In 1965 two rival nationalist groups — the Front for the Liberation of Occupied South Yemen (FLOSY) and the National Liberation Front (NLF) — turned to terrorism in their struggle to control the country. Abdurrahman participated in the struggle against the British-sponsored Federation of South Arabia. In the face of uncontrollable violence, British troops withdrew, and the federation rule collapsed. The NLF elements quickly took control, after eliminating their FLOSY rivals. Abdurrahman was forced to emigrate together with others from his homeland. By 1968, following a final royalist siege of Sanaa, most of the opposing leaders reached a reconciliation and returned to their homeland.

In 1970 Abdurrahman was involved in the National Unity movement which was then newly formed in Sanaa. The National Unity was a coalition that included the League Party, the Liberation Front, the Front for the Liberation of Occupied South Yemen (FLOSY) and the secessionists from the National Liberation Front (NLF).

After completing his course in London, Abdurrahman worked as a General Manager for a number of investment companies in the Gulf. In November 1986, he was elected President of the League Party by the Party's Seventh General Conference. He was again re-elected President in 1992 by the Eighth General Conference in Sanaa and was chairman of the Perpetratory Commission for the National Conference.

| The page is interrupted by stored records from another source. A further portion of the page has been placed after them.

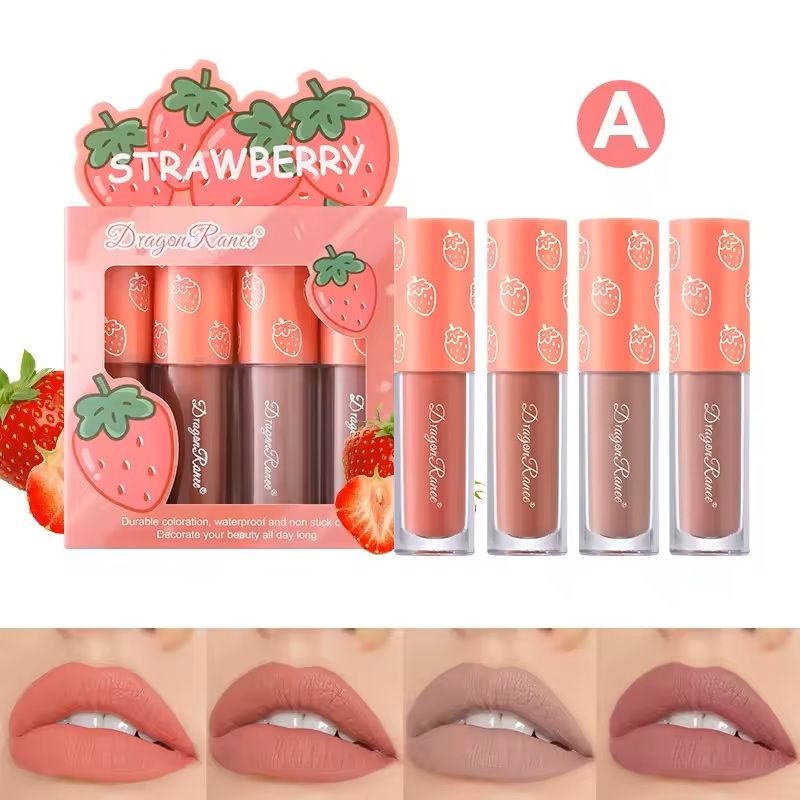 4-Piece Mini Velvet Matte Lip Gloss Set Long-Lasting Lightweight Lip Tint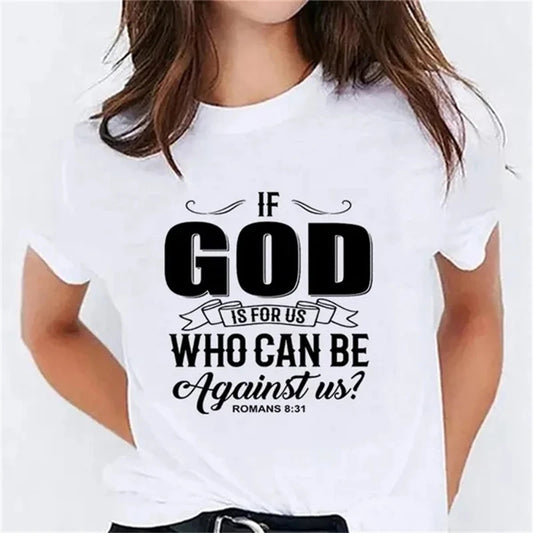 If God Is For Us Letter Printed T-Shirt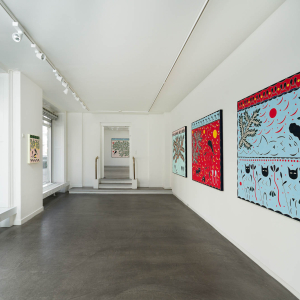 Installation view of the 2022 exhibition "Apricots and Freshwater Pearls" by Anders SCRMN Meisner at Hans Alf Gallery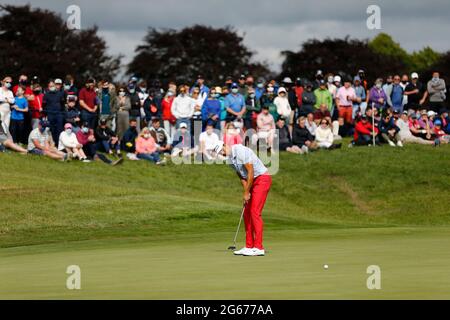 3 juillet 2021 ; Mount Juliet Golf Club, Kilkenny, Irlande ; Dubai Duty Free Irish Open Golf, 3e jour ; Johannes Veerman des États-Unis pulls sur le 18ème green Banque D'Images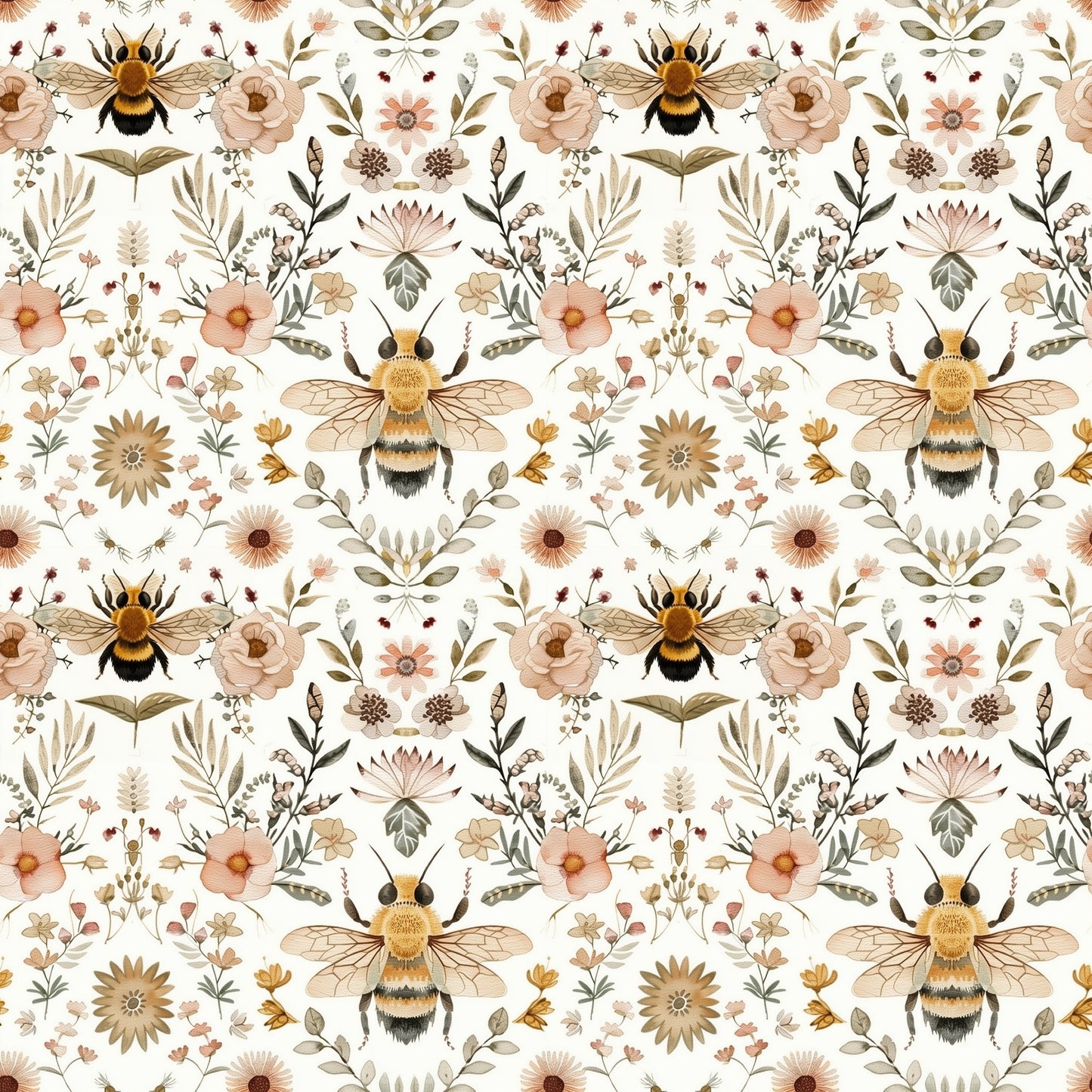 Floral Bees Digital Seamless Pattern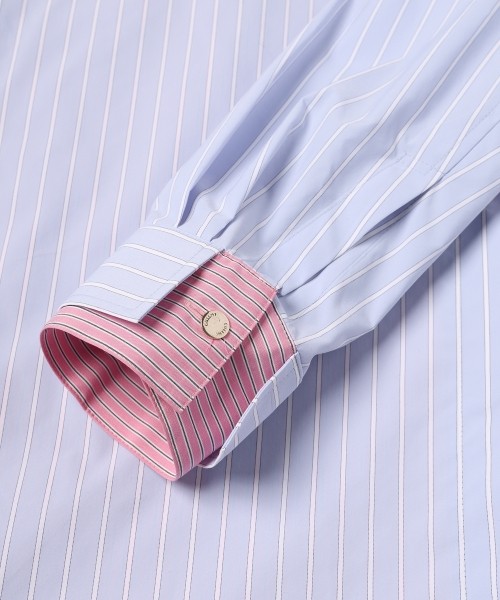 Stripe Typewriter Layered Long Sleeve Shirt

===Formation of the National Opposition Front (MOWJ)===
Abdurrahman represented the League Party in founding the National Opposition Front (MOWJ) which was the most successful opposition alliance in the Yemeni political arena. He represented the Party in the Dialogue Commission, which was the direct outcome of the Front's pressure against the ruling government. He drafted the broad outlines and foundations of the Document of Pledge and Accord and presented the document in the name of the League's Rabitat Party to the National Opposition Front in October 1993. The National Opposition Front presented the document to the Dialogue Commission in Sanaa on December 18, 1993.

Conflicts within the coalition resulted in the self-imposed exile of Vice-president Ali Salem al-Beidh to Aden in August 1993, and a deterioration in the general security situation as political rivals settled scores and tribal elements took advantage of the unsettled situation. Haidar Abu Bakr al-Attas (former southern Prime Minister) continued to serve as the Prime Minister of the Republic of Yemen, but his government was ineffective due to political infighting. Continuous negotiations between northern and southern leaders resulted in the signing of the document of pledge and accord in Amman, Jordan on February 20, 1994.

Abdurrahman signed the Document of Pledge and Accord in his capacity as a member. Jointly with the late Omer AlGawy, however, he expressed his reservations on the implementation mechanism. He forewarned the government against using the document as "an Othman's bloody shirt". With co-members of the Dialogue Commission, he contributed in endeavours to pacify the situation after the distressful "events of Emran". Despite this, clashes intensified until civil war broke out in early May 1994.

===Civil War===
Southern leaders, supported by the Saudis, declared secession and the establishment of the Democratic Republic of Yemen (DRY) on May 21, 1994, but the Democratic Republic of Yemen was not recognized by the international community. Although the southerners had their own motives for fighting, northern leaders have long maintained that the Saudis supported the southern cause as a way of furthering their own border dispute with the Republic of Yemen. Ali Nasir Muhammad's supporters greatly assisted military operations against the secessionists and Aden was captured on July 7, 1994. Other resistance quickly collapsed and thousands of southern leaders and military went into exile.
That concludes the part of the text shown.